Mas por que os quadrinhos exercem tanto fascínio sobre os japoneses? Para Vergueiro, os mangás são uma válvula de escape para eles. “A sociedade japonesa é muito regrada. Todas as relações sociais são regidas por uma disciplina extrema”, lembra. “No mangá as coisas são mais leves. O homossexualismo, por exemplo, é tratado com naturalidade, bem como os relacionamentos entre adultos e adolescentes, quando lá ambos sofrem preconceito muito forte, mais até que aqui”, defende.


Entretanto, se a reprimida sociedade nipônica precisa dessa fuga tão drástica, o mesmo não pode ser dito do ocidente, mais liberal e expansivo. E os heróis tradicionais, com seus superpoderes e sua disposição para fazer justiça, pareciam sólidos até agora em nosso imaginário. Mas as vendas de quadrinhos ocidentais estão caindo em todo lugar, desmascarando nossos heróis. “As histórias dos quadrinhos tradicionais não se renovam. Elas se tornaram narrativas fechadas que giram em círculos e os personagens se tornaram caricaturas deles mesmos. Isso inibe a entrada de novos leitores”, explica Vergueiro.

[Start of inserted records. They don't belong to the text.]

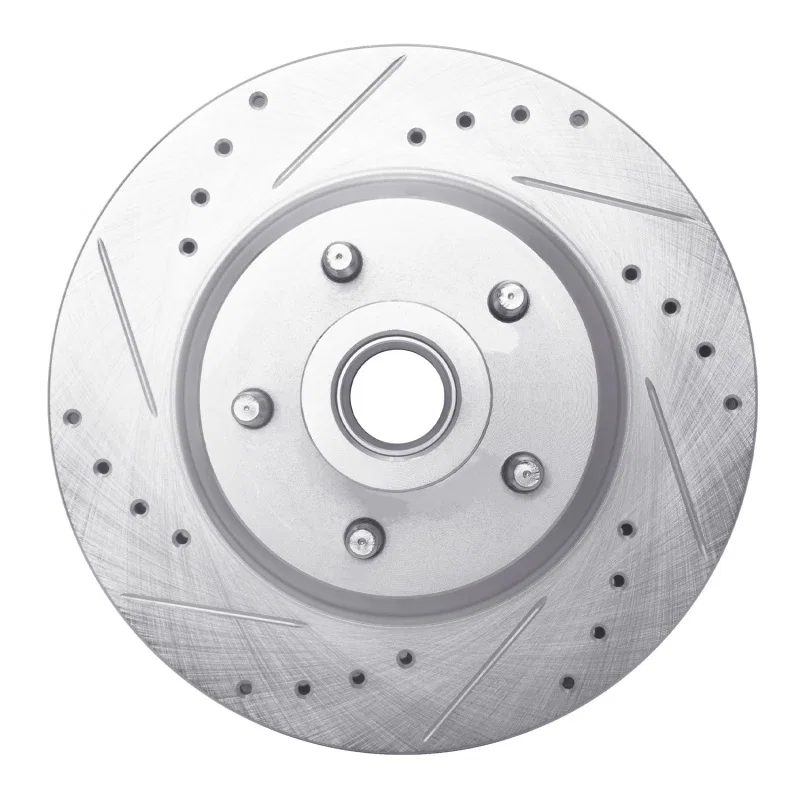 R1 Concepts 631-39003L, R1 1969-1973 Chrysler New Yorker Front Left Drilled & Slotted Silver Brake Rotor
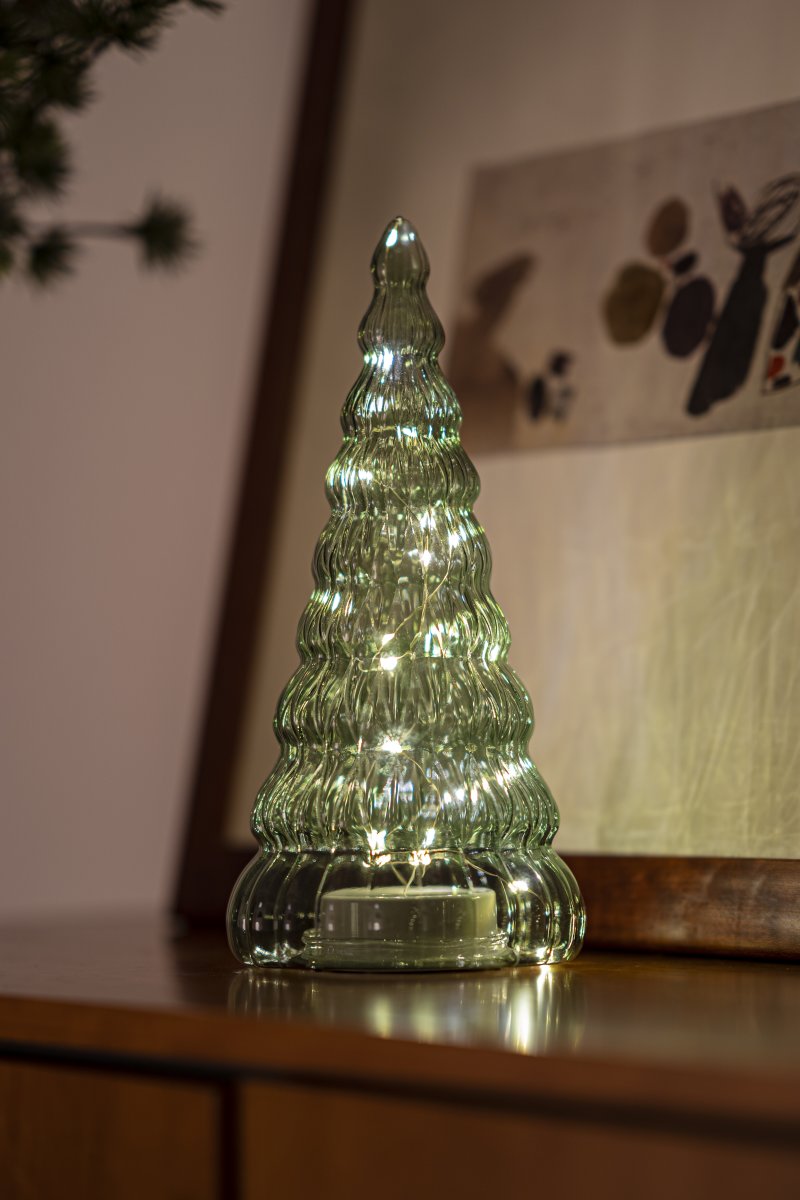 Sirius Lucy trä, H. 30 cm, Grön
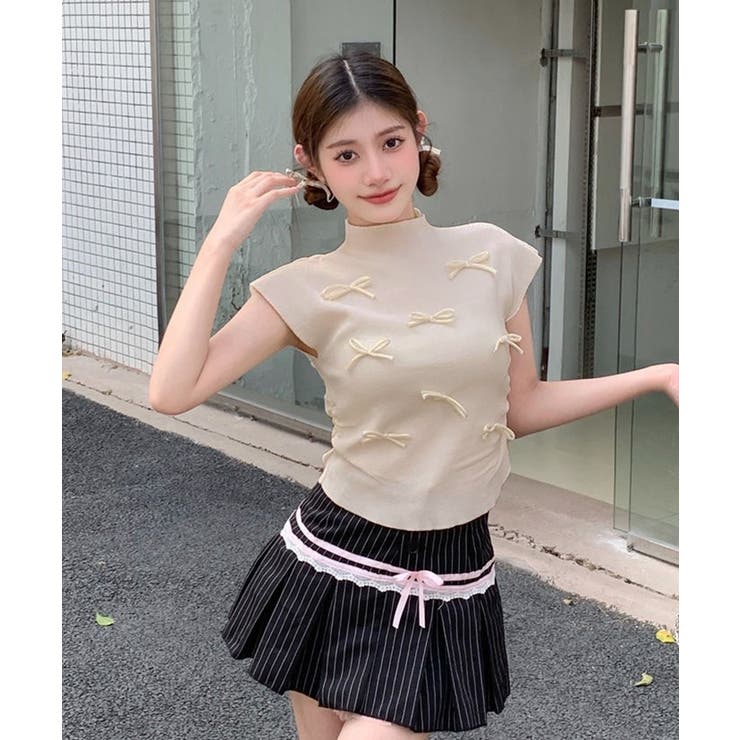 春新作 リボン付き サイドシャーリング | LOVERS | 詳細画像10 
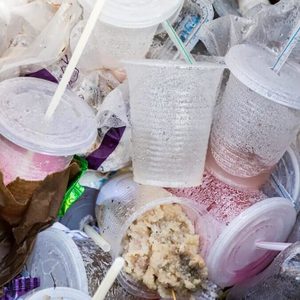 Plastic trash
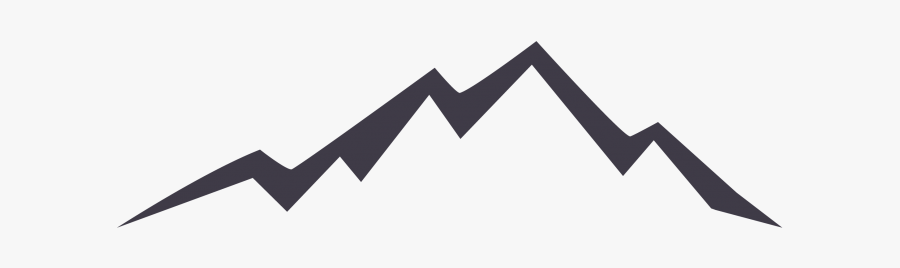 Mountain Clip Art Silhouette - Mountain Png Vector, Transparent Clipart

Nossa cultura foi e ainda é fortemente influenciada pela inundação feita pela indústria cultural norte-americana. Isso dificulta, por exemplo, a formação de uma linguagem nacional característica no cinema. A entrada de um novo pólo dominador não vai melhorar as coisas. “Toda indústria cultural busca a hegemonia”, diz Vergueiro. “Os mangás e animês estão se estruturando para dominar outros mercados. Guardadas as proporções, é a mesma idéia de Hollywood”.

De uma forma ou de outra, é mais uma complicação para os quadrinhos nacionais. “A indústria nacional não está criando novas saídas. Alguns utilizam elementos americanos, outros elementos japoneses, mas não há uma criação com características próprias”, lamenta Vergueiro.